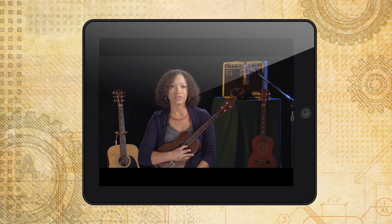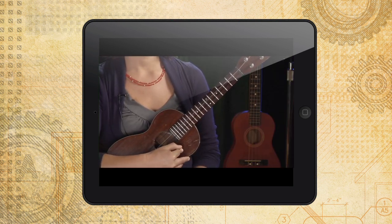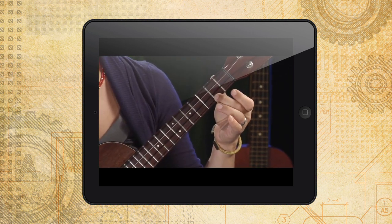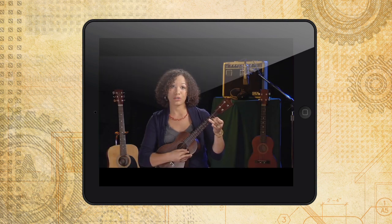Now this is the A string, so play it open. Place your second finger on the second fret of that first string and you get a B. And if you place your third finger on the third fret of that first string, that's a C.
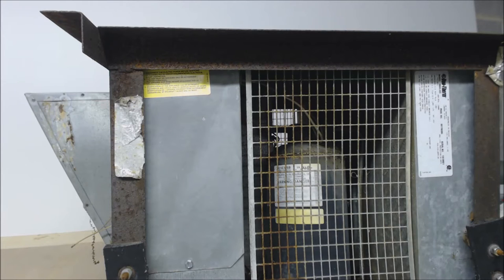Hey guys, this is the AC Service Tech channel and today what we're looking at is a Duotherm under mount RV or mobile home air conditioner. This one here is 15,000 BTUs. The model number is 39045.522.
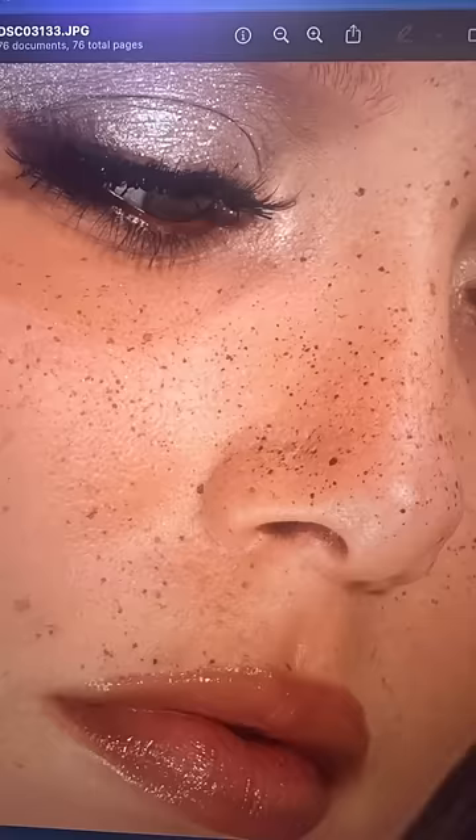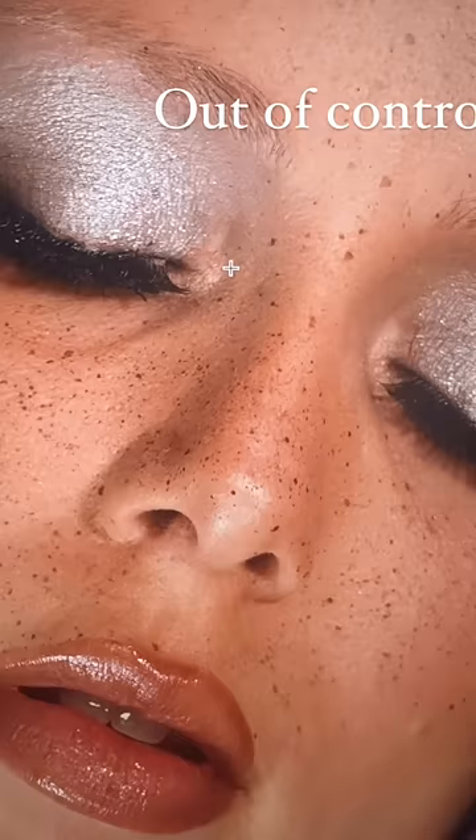But somehow, I also love this product. In good faith, I cannot recommend it to the average person because it is a mess, but it looks so cool in HD photos and 4K. It looks so cool.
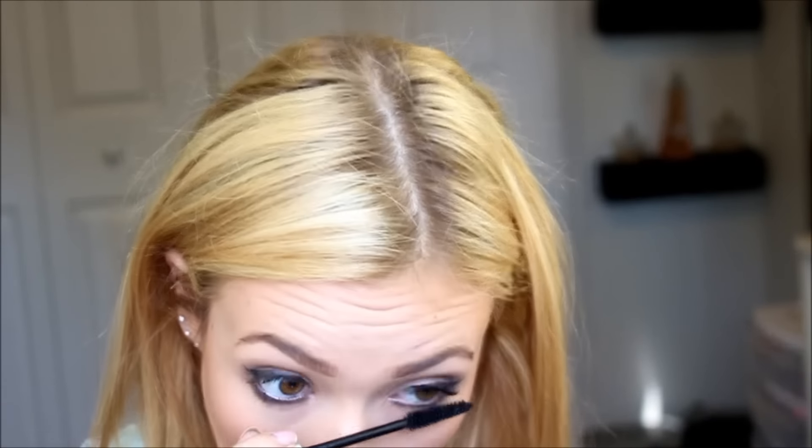Now I'm taking an eyelash curler and then using my Growalicious mascara and applying that to my eyelashes. That pretty much finishes off the eye look — I applied the mascara to the top and bottom lashes as well.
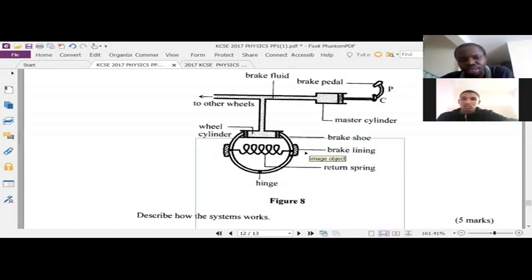Up to the point we have reached, how is it that the vehicle will have its speed reduced? The brake shoe has been pushed and it presses the brake lining on the rim. That way, the speed of the car will reduce.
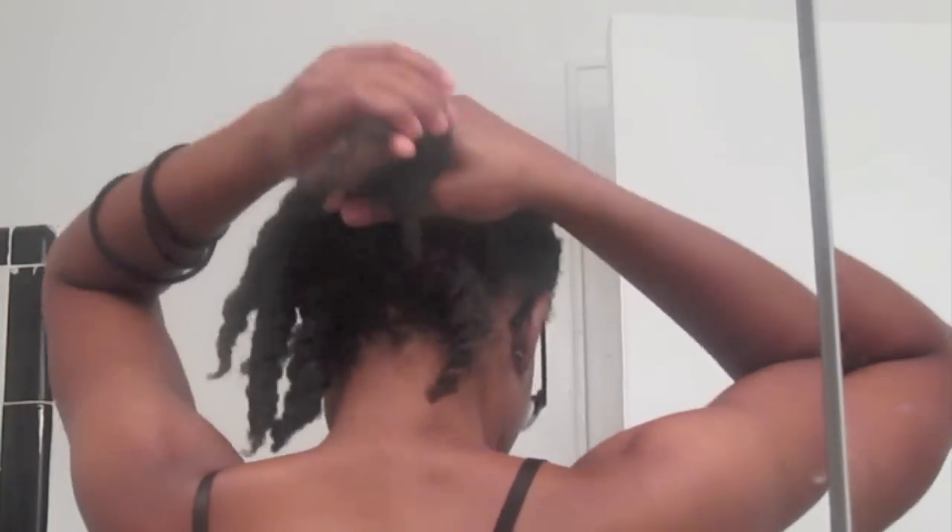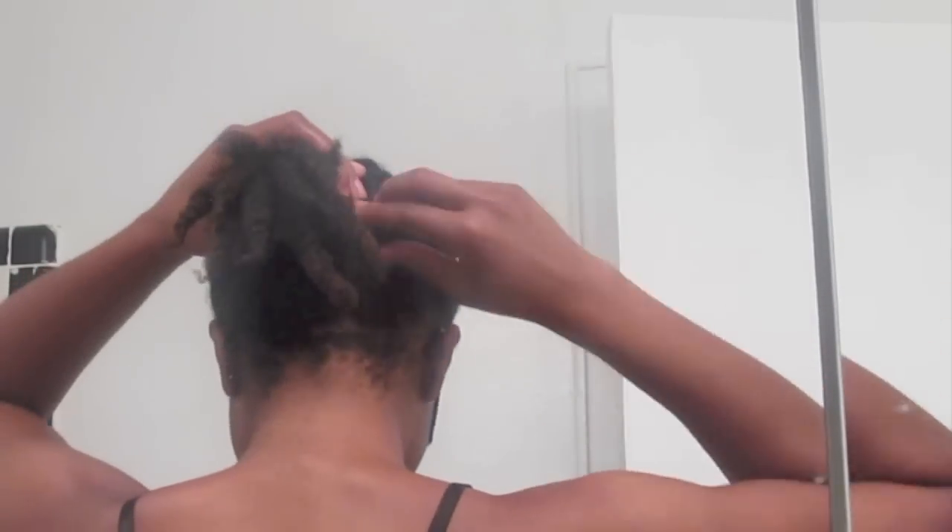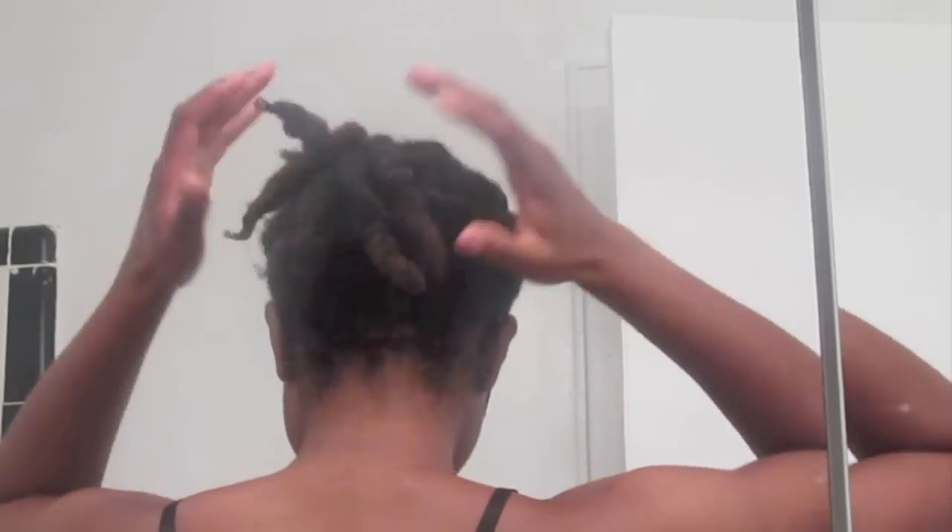Before I go to bed, I put my twists into a loose ponytail. This helps keep them stretched overnight so they don't shrink up a ridiculous amount by the time I wake up in the morning. That's my regimen — I hope you guys enjoyed it! If you have any questions, just leave me a comment down below. Bye!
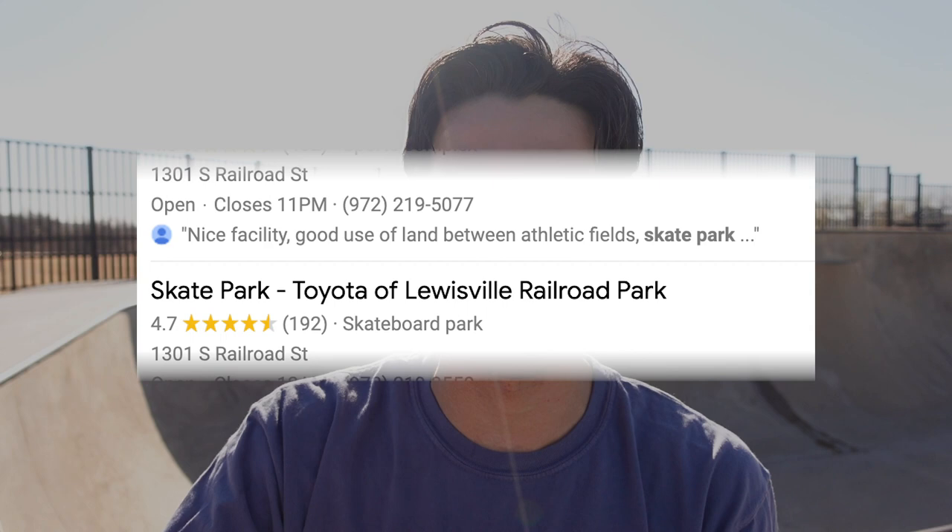Here's a weird thing — you can actually find the name of this skate park online as 'Lone Star Toyota of Lewisville Railroad Skate Park.' I had to look at it just because it's so long, or you can just call it Scion Skate Park.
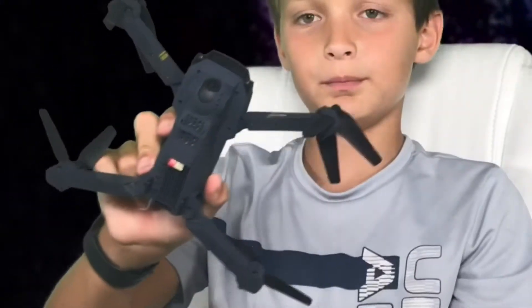You also get a bag, and in that bag is the charger for the battery, a screwdriver to take off the propellers if one breaks, and two extra propellers. And that is really it. Pretty good drone — hopefully I don't crash it!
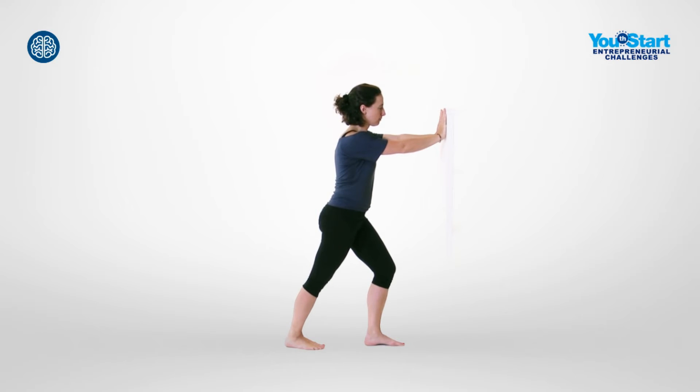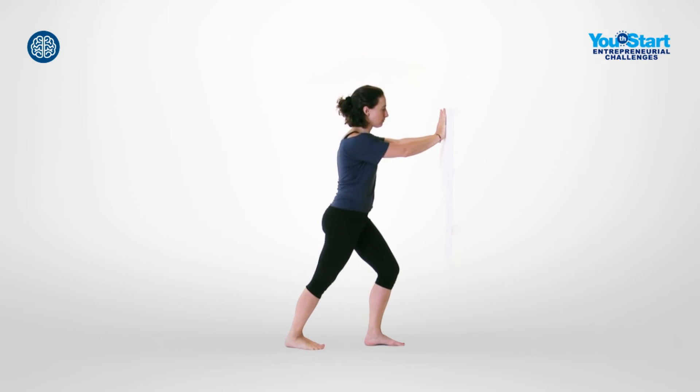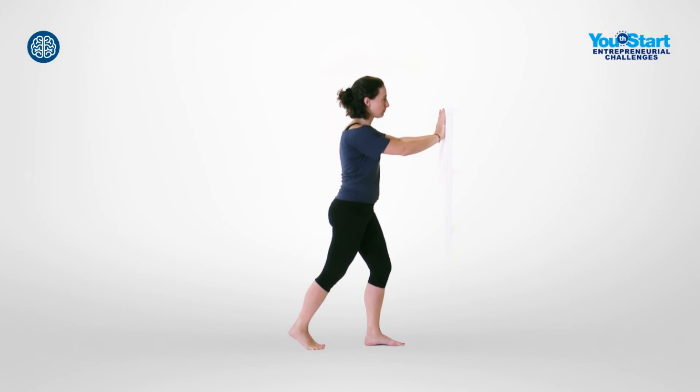Exhale, pressing your heel against the floor. The leg remains stretched. Inhale and raise your heel again. Exhale and press it to the floor.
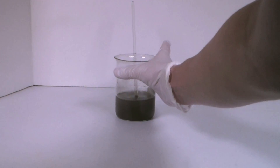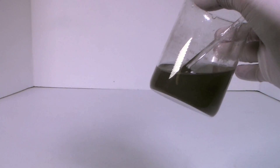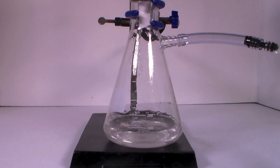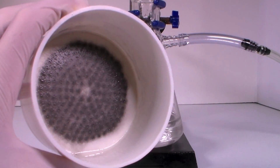After all the aluminum has dissolved, the solution contains aluminum chloride, but it is full of insoluble impurities. To remove the impurities, filter the solution. After filtering, you'll be left with a nice clear solution, and all the impurities will remain in the filter paper.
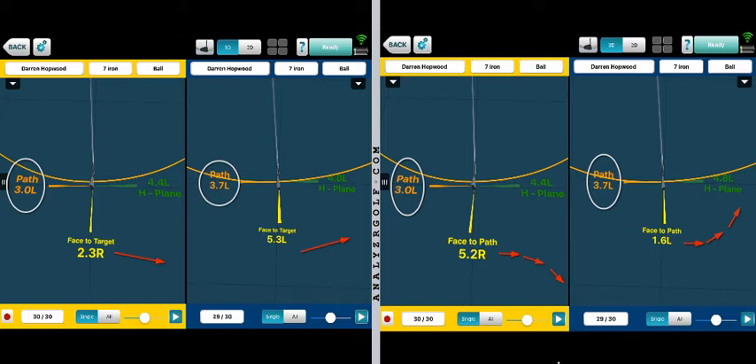As everything we do, any change you make in your swing going forward needs to be done to enhance the way the club face and the path interact at impact. Otherwise, it's a pointless task. We're just making the swing look prettier. We're not actually improving your performance as a golfer.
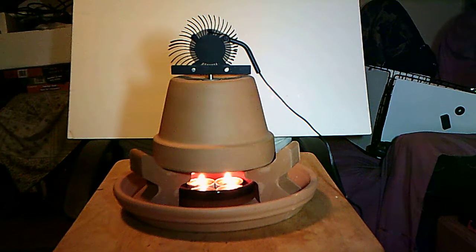All this is is a radiated heater — the candles heat up the terracotta and the terracotta radiates the heat, that's it. What I did do is on the very top you'll see a black metal bar, which is just a piece of aluminum that's screwed into it.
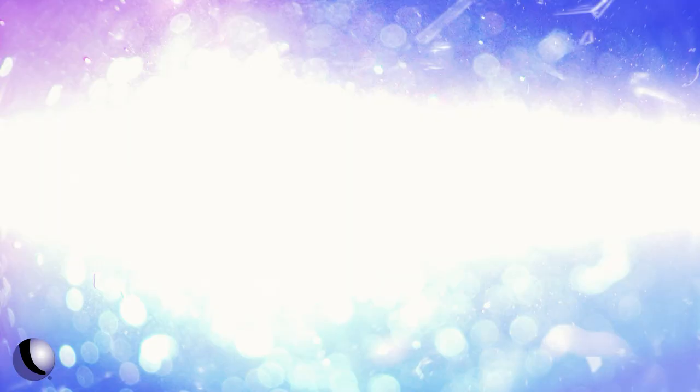You can see why CZ has developed an almost cult following. Thanks to CZ and Gunsite Academy in Arizona for hosting us.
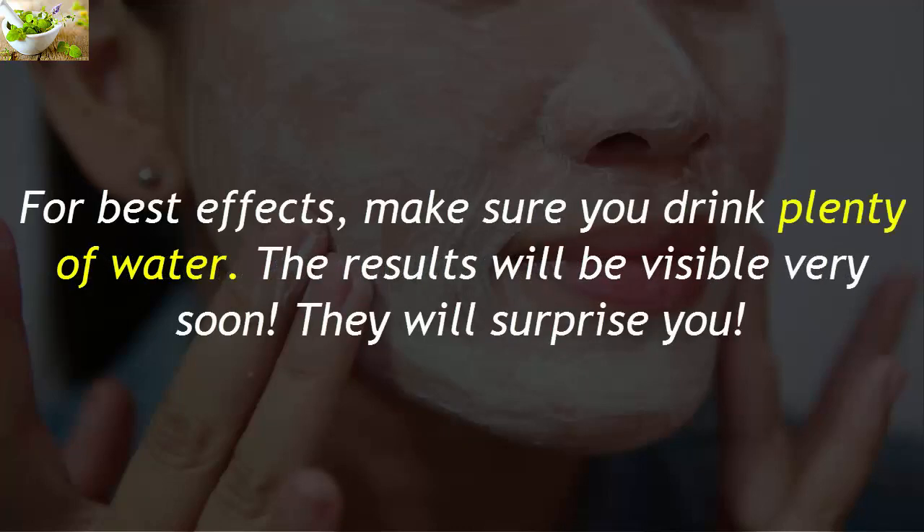For best effects, make sure you drink plenty of water. The results will be visible very soon — they will surprise you.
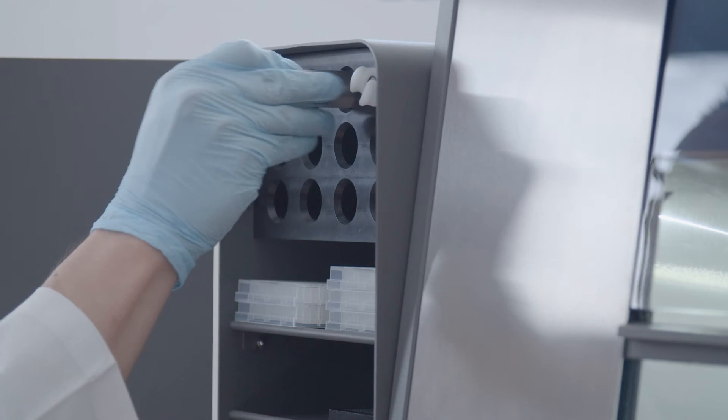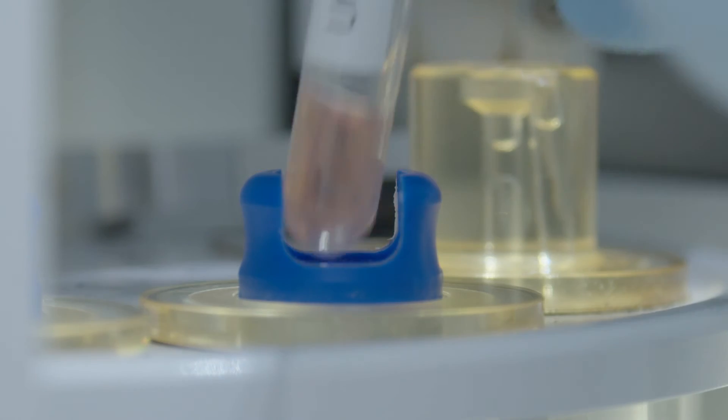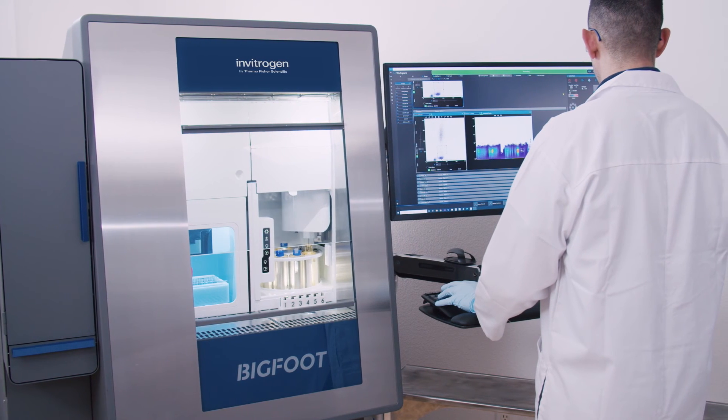The InvitraGen Bigfoot Spectral Cell Sorter class 2 biocontainment cabinet provides safety and protection without compromising high-parameter sorter performance or limiting serviceability.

### TASK REQUIREMENTS
The records above, copied word for word without the pictures, are what should be output.

### TASK ANSWER
Now this is the A string, so play it open. Place your second finger on the second fret of that first string and you get a B. And if you place your third finger on the third fret of that first string, that's a C.
Hey guys, this is the AC Service Tech channel and today what we're looking at is a Duotherm under mount RV or mobile home air conditioner. This one here is 15,000 BTUs. The model number is 39045.522.
But somehow, I also love this product. In good faith, I cannot recommend it to the average person because it is a mess, but it looks so cool in HD photos and 4K. It looks so cool.
Now I'm taking an eyelash curler and then using my Growalicious mascara and applying that to my eyelashes. That pretty much finishes off the eye look — I applied the mascara to the top and bottom lashes as well.
Up to the point we have reached, how is it that the vehicle will have its speed reduced? The brake shoe has been pushed and it presses the brake lining on the rim. That way, the speed of the car will reduce.
Before I go to bed, I put my twists into a loose ponytail. This helps keep them stretched overnight so they don't shrink up a ridiculous amount by the time I wake up in the morning. That's my regimen — I hope you guys enjoyed it! If you have any questions, just leave me a comment down below. Bye!
Here's a weird thing — you can actually find the name of this skate park online as 'Lone Star Toyota of Lewisville Railroad Skate Park.' I had to look at it just because it's so long, or you can just call it Scion Skate Park.
You also get a bag, and in that bag is the charger for the battery, a screwdriver to take off the propellers if one breaks, and two extra propellers. And that is really it. Pretty good drone — hopefully I don't crash it!
Exhale, pressing your heel against the floor. The leg remains stretched. Inhale and raise your heel again. Exhale and press it to the floor.
After all the aluminum has dissolved, the solution contains aluminum chloride, but it is full of insoluble impurities. To remove the impurities, filter the solution. After filtering, you'll be left with a nice clear solution, and all the impurities will remain in the filter paper.
As everything we do, any change you make in your swing going forward needs to be done to enhance the way the club face and the path interact at impact. Otherwise, it's a pointless task. We're just making the swing look prettier. We're not actually improving your performance as a golfer.
All this is is a radiated heater — the candles heat up the terracotta and the terracotta radiates the heat, that's it. What I did do is on the very top you'll see a black metal bar, which is just a piece of aluminum that's screwed into it.
You can see why CZ has developed an almost cult following. Thanks to CZ and Gunsite Academy in Arizona for hosting us.
For best effects, make sure you drink plenty of water. The results will be visible very soon — they will surprise you.
The InvitraGen Bigfoot Spectral Cell Sorter class 2 biocontainment cabinet provides safety and protection without compromising high-parameter sorter performance or limiting serviceability.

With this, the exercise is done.